Several realities sit underneath all of this. AI outputs still need human verification. Firms actually using these tools consistently treat the output as a starting point, not a deliverable. Confidentiality and intellectual property are live concerns. Firms using free public AI tools are effectively handing over their data for model training, and several Canadian firms have responded by building proprietary or "fenced" environments for internal AI use. Skills and training are an ongoing gap. Recent industry surveys suggest meaningful underinvestment in AI training even at firms that are otherwise expanding their AI use.
The headline statistic that gets cited most often is that roughly a quarter of AEC firms globally are now actively using AI, with the large majority planning to expand. This reflects what insiders already know. Adoption is real, but it is operational rather than dramatic. The firms gaining the most from AI in 2026 are generally using it to reduce friction in proposals, document review, code compliance, knowledge management, and project controls, rather than expecting AI to replace design judgment.
Where this leaves Canadian AEC
The practical reality of where Canadian AEC sits in 2026 is that innovation is real, but it is uneven, and it is concentrated where pressure and ownership conditions reward it.
Industrialized construction is moving from niche to policy tool because governments need to deliver housing faster and at lower risk, and because the conventional labour-intensive construction model has hit a wall. Growth is strongest in mid-rise, public-supported, and institutional buildings. High-rise modular remains constrained. Industrialized methods more broadly, including prefab, panelized, hybrid, and increasingly automated factory production, will probably progress further than pure volumetric modular over the next several years.

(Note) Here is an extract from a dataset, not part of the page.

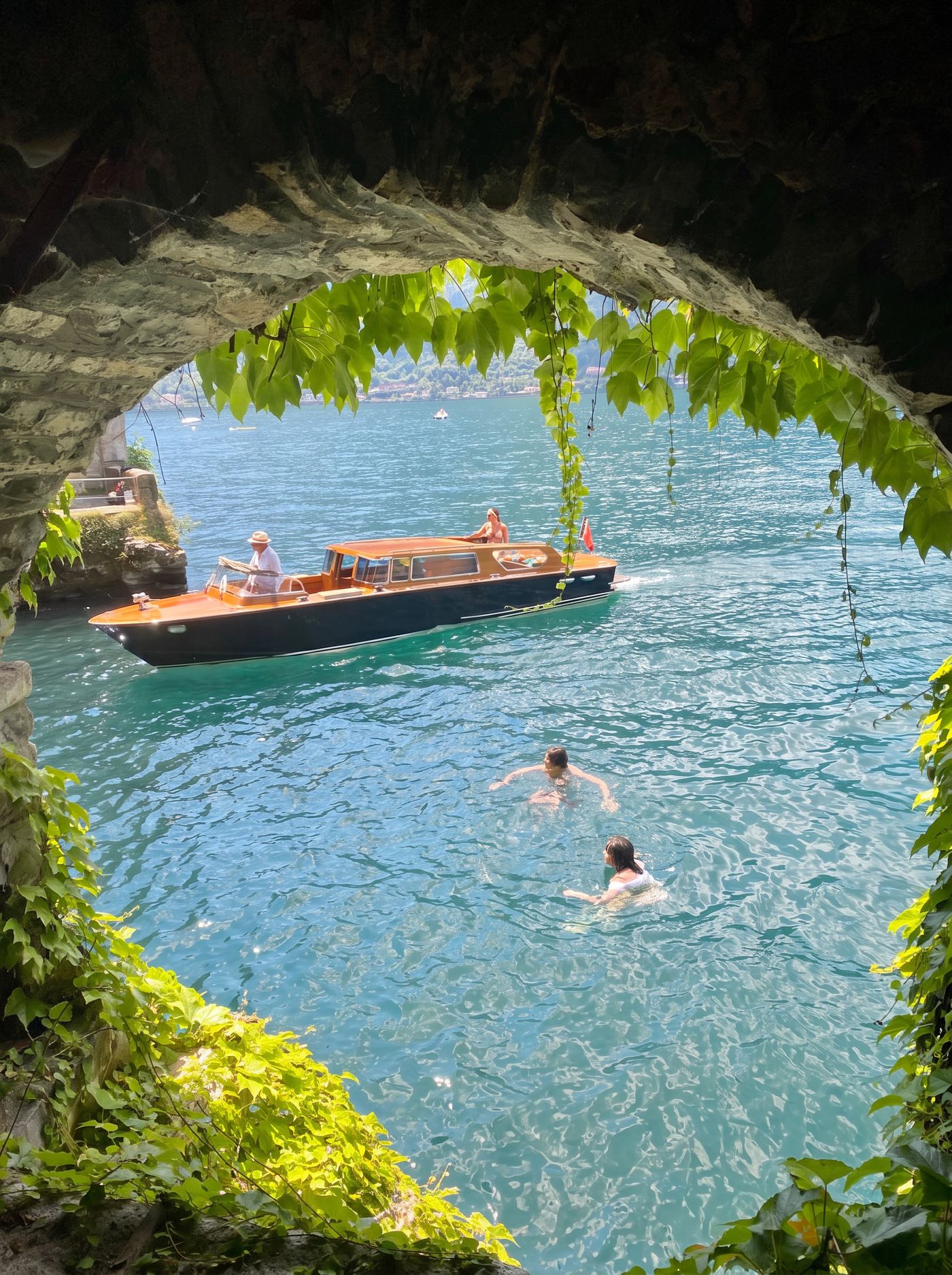 Baignade dans les eaux turquoises du lac de Côme vue depuis une grotte de pierre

Digital twins are most useful where owners hold assets long enough to care about lifecycle performance. The strongest deployments are in utilities, transit, healthcare facilities, and large public infrastructure. In design and construction, digital twins remain largely pilot-stage, but the pilots are now producing measurable results. The near-term opportunity for AEC firms is supporting operational use of twins by owners, not building static design twins.
AI is reshaping practice operations and workflows long before it reshapes design. The firms benefiting most are using AI to reduce time spent on proposals, document review, code compliance, knowledge management, and project controls. Generative design is real but still limited. In 2026, most of the practical AI value in AEC sits in the back office of practice, not on the design table.

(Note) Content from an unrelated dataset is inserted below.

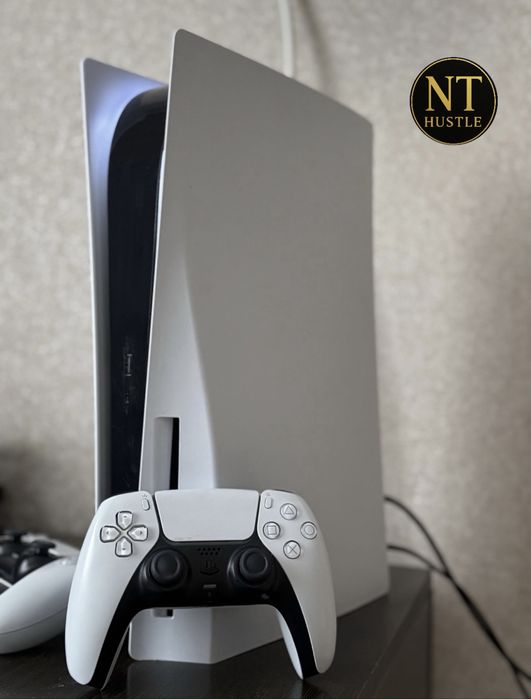 Продам пс5  2 джойстика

None of this means every firm should be adopting every technology. The more useful question is whether the firm understands where the industry is moving, and where it sits relative to that direction. Public owners are starting to bring these technologies into procurement criteria. Larger competitors are quietly building internal capability. The widening gap is not between firms that adopt every new tool and firms that don't. It is between firms that are operationally integrating these changes into delivery, selectively, consistently, and without fanfare, and firms that are still evaluating where and how to adopt them.
That distinction is what will increasingly separate competitive Canadian AEC firms from the rest over the next five years.